A 最近は、一人っ子政策を始めて(198年)から生まれた人達が結婚年齢に達したので、一人っ子どうしが結婚した場合には二人までの子供が認められる。
B 農民には地域によって特例が認められることがある。
C 離婚する前に子供を産んだ女性が子供を前夫に渡して再婚した場合、次の夫に子供がいなければまた子供を産むことが出来る。
というようなこともあるようです。
 人為的に取り組む政策ですから弊害が多いのは当たり前のことですが、弊害の幾つかを挙げてみましょう。
 今の若い世代はほとんどが一人っ子政策の申し子ですから、一人っ子の場合、父母、二組の祖父母にとっては子供、孫が一人しかいないこととなります。したがって最大計6人の父母、祖父母達の関心は専ら一人に向かって注がれ、子供にとってはややもすれば寵愛の的となって皆から下にも置かれないように大事に育てられるわけです。子供は6人から小遣いをもらい、小さい頃からいろいろ習いものにも通い、不自由なく育てられるため、勢いわがままな性格になる子も多く、このことを皮肉って一人っ子を「小皇帝」と比喩することもあります。
 また、最近は男女産み分けの技術も発達しているため、特に農村地域では働き手として期待出来ない女の児は非合法の内に産まずに済ますことが多くなっていて、この結果全人口の男女性別比率は男性比率がどんどん高くなってきて大きな問題になり、政府としてもいろいろ手を打っているようですが、なかなか成果は出ていないようです。
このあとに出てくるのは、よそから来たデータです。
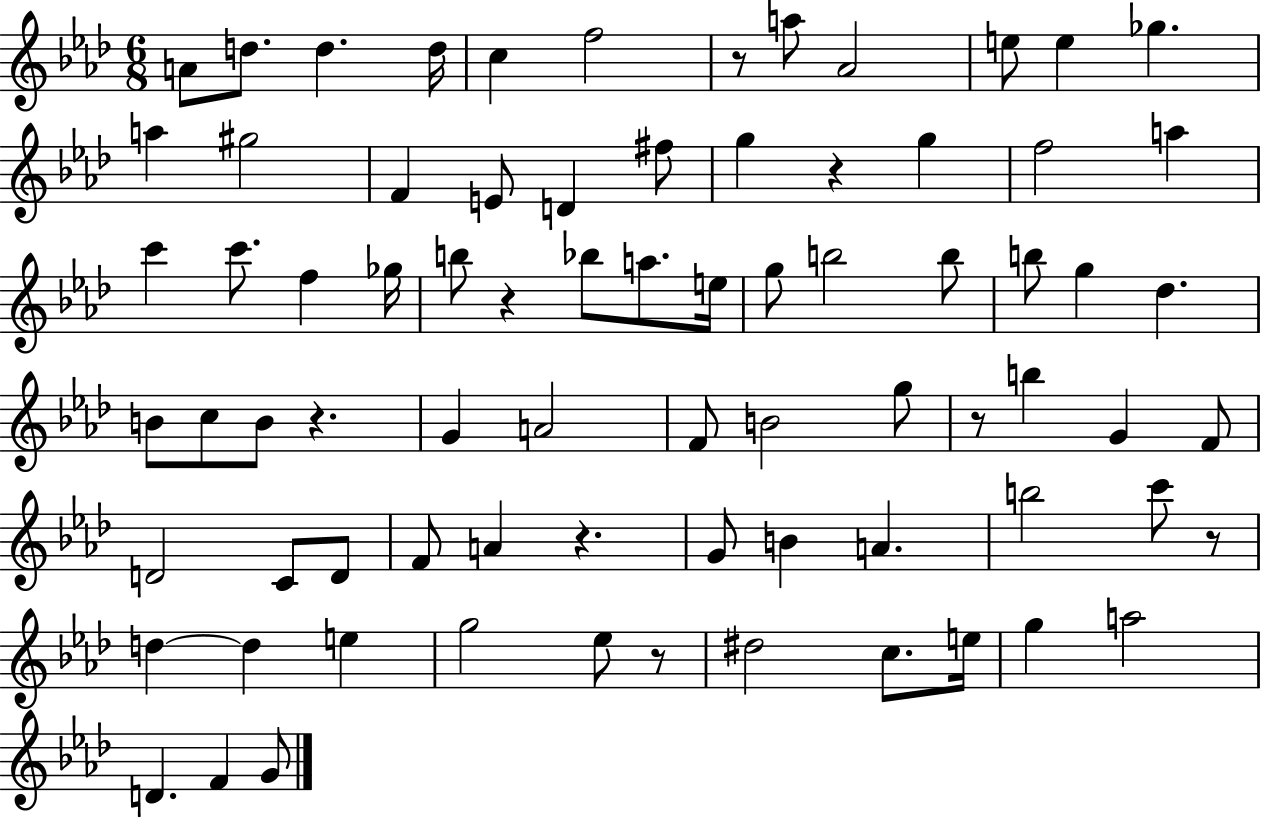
X:1
T:Untitled
M:6/8
L:1/4
K:Ab
A/2 d/2 d d/4 c f2 z/2 a/2 _A2 e/2 e _g a ^g2 F E/2 D ^f/2 g z g f2 a c' c'/2 f _g/4 b/2 z _b/2 a/2 e/4 g/2 b2 b/2 b/2 g _d B/2 c/2 B/2 z G A2 F/2 B2 g/2 z/2 b G F/2 D2 C/2 D/2 F/2 A z G/2 B A b2 c'/2 z/2 d d e g2 _e/2 z/2 ^d2 c/2 e/4 g a2 D F G/2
 家庭的にも社会的にも揉まれ方が少なかった一人っ子の若者が今まさに結婚年齢(25歳前後)を迎えているわけですが、一般的に未成熟な者も多いといわれ、特に数に勝る男性にその傾向が強いといわれています。若い女性達の間の会話では「若い男性と結婚するのは、相手が幼稚なので子供が生まれる前から子供を一人余計に抱えるようなものだ」という本音ともつかない笑い話もよく交わされているようです。(日本でも同じでなければいいのですが)
 この程度の会話で済むうちはまだいいほうですが、実際に最近は上海では若い男性に結婚相手が見つからない結婚難の時代を迎えているようです。
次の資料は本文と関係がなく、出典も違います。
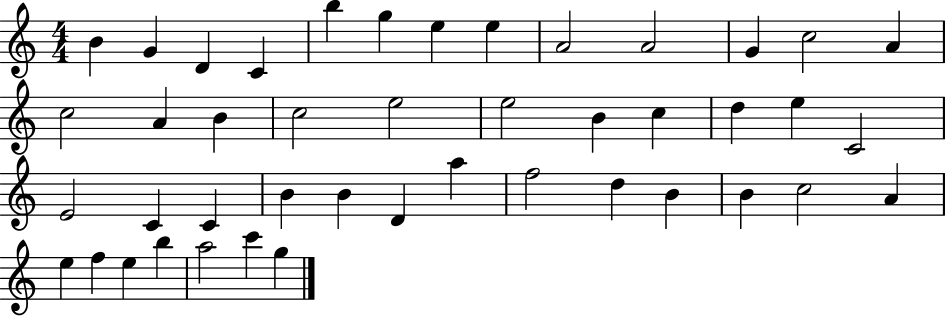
{
  \clef treble
  \numericTimeSignature
  \time 4/4
  \key c \major
  b'4 g'4 d'4 c'4 | b''4 g''4 e''4 e''4 | a'2 a'2 | g'4 c''2 a'4 | \break c''2 a'4 b'4 | c''2 e''2 | e''2 b'4 c''4 | d''4 e''4 c'2 | \break e'2 c'4 c'4 | b'4 b'4 d'4 a''4 | f''2 d''4 b'4 | b'4 c''2 a'4 | \break e''4 f''4 e''4 b''4 | a''2 c'''4 g''4 | \bar "|."
} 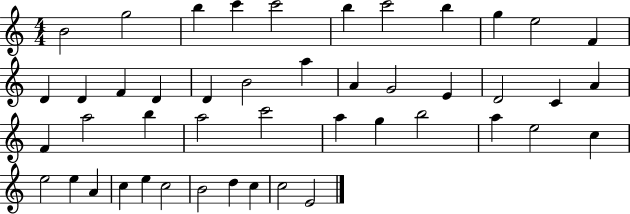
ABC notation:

X:1
T:Untitled
M:4/4
L:1/4
K:C
B2 g2 b c' c'2 b c'2 b g e2 F D D F D D B2 a A G2 E D2 C A F a2 b a2 c'2 a g b2 a e2 c e2 e A c e c2 B2 d c c2 E2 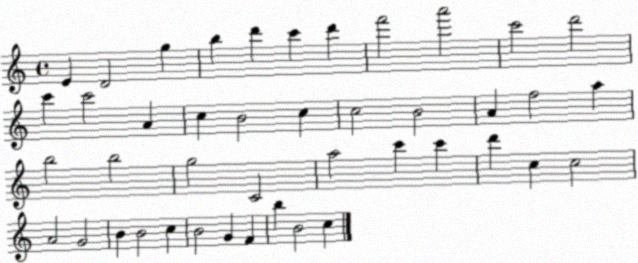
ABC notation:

X:1
T:Untitled
M:4/4
L:1/4
K:C
E D2 g b d' c' d' f'2 a'2 c'2 d'2 c' c'2 A c B2 c c2 B2 A f2 a b2 b2 g2 C2 a2 c' c' d' c c2 A2 G2 B B2 c B2 G F b B2 c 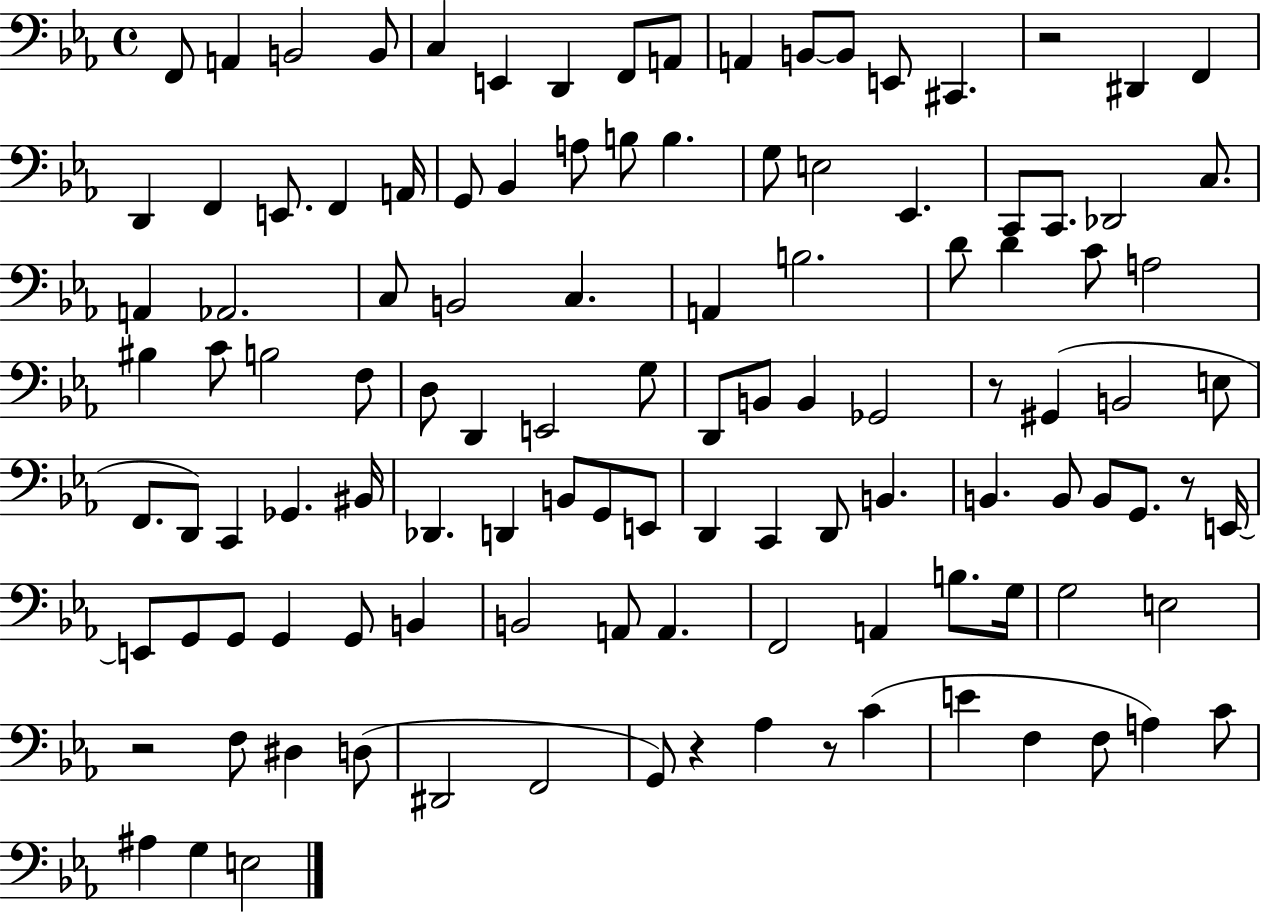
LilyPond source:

{
  \clef bass
  \time 4/4
  \defaultTimeSignature
  \key ees \major
  \repeat volta 2 { f,8 a,4 b,2 b,8 | c4 e,4 d,4 f,8 a,8 | a,4 b,8~~ b,8 e,8 cis,4. | r2 dis,4 f,4 | \break d,4 f,4 e,8. f,4 a,16 | g,8 bes,4 a8 b8 b4. | g8 e2 ees,4. | c,8 c,8. des,2 c8. | \break a,4 aes,2. | c8 b,2 c4. | a,4 b2. | d'8 d'4 c'8 a2 | \break bis4 c'8 b2 f8 | d8 d,4 e,2 g8 | d,8 b,8 b,4 ges,2 | r8 gis,4( b,2 e8 | \break f,8. d,8) c,4 ges,4. bis,16 | des,4. d,4 b,8 g,8 e,8 | d,4 c,4 d,8 b,4. | b,4. b,8 b,8 g,8. r8 e,16~~ | \break e,8 g,8 g,8 g,4 g,8 b,4 | b,2 a,8 a,4. | f,2 a,4 b8. g16 | g2 e2 | \break r2 f8 dis4 d8( | dis,2 f,2 | g,8) r4 aes4 r8 c'4( | e'4 f4 f8 a4) c'8 | \break ais4 g4 e2 | } \bar "|."
}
 経済の発展に伴って上海での女性の社会進出も著しくなっていますが、中国では原則的に職業による男女別格差はありませんから仕事を持てば男性並の対等な収入を得ることが出来るので、職業を持つ女性にとっては自分よりも低い地位や収入の男性は結婚相手として選び難く、もっと高レベルの方を見ることになるようです。したがって、@収入が自分と同等レベル以上、A家(マンション)がある、B小金がある、が結婚の条件になるようです。一昔前の日本の3高(高収入、高地位?、背高)と同じです。しかし不動産バブルの兆候もある上海で家を持つのは大変なことですから、男性にとってはこの条件を満たすのは至難の業といえます。この結果上海の男性は親戚から借金をしてまで無理して家を購入するか、さもなくば上海の女性を相手として選ぶのを諦めるかということとなり、最近では外省人(地方出身の女性)を相手に選ぶケースも多くなっているということです。若い男性にとってはまことに同情すべき厳しい時代が到来したことになります。
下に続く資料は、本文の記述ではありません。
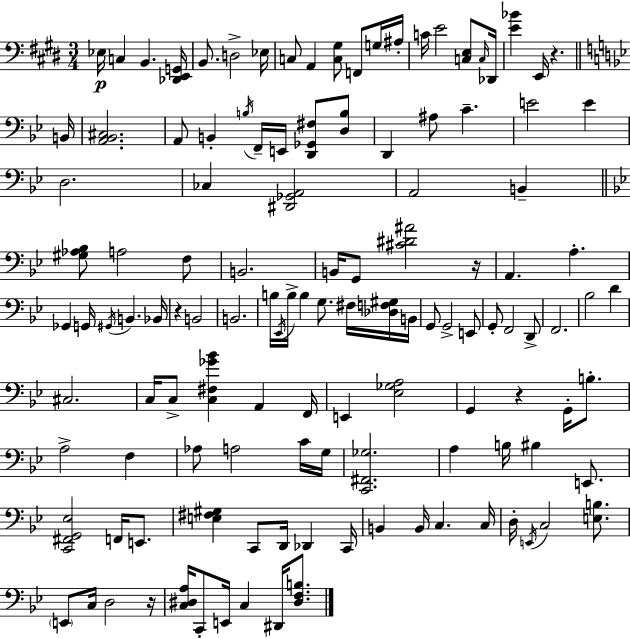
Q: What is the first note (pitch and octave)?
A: Eb3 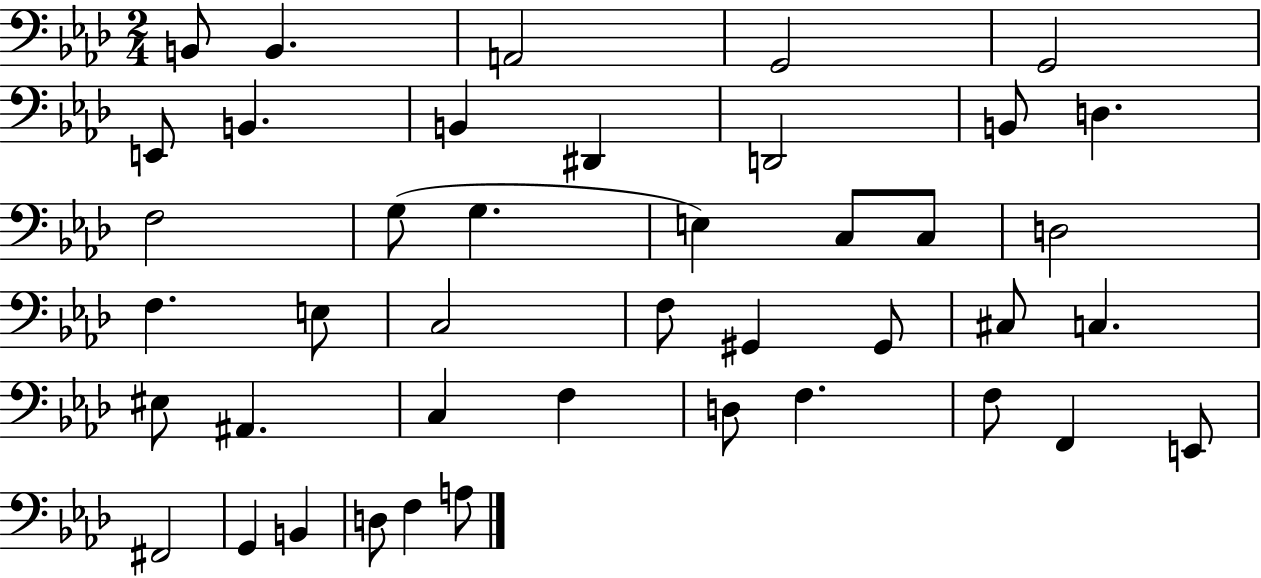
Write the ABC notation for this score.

 このように、一人っ子政策がもたらした男性過多社会は中国にまた新たな歪みを一つつけ加えたわけで、人口抑制の立場からは一人っ子政策をそう簡単に放棄出来ない中国政府としては大変苦しい状況におかれているわけです。さらに事態が深刻化しない内に早目にきちっとした対策をとる段階に来ているように思われますがそう簡単に妙案が出るということでもなさそうです。
 一方で少子化という大きな問題を抱えながらも「男女産み分け」にはそれほど拘る傾向もない日本は中国と較べるとまだまだバランスがとれた社会(国)とも言えるのかも知れません。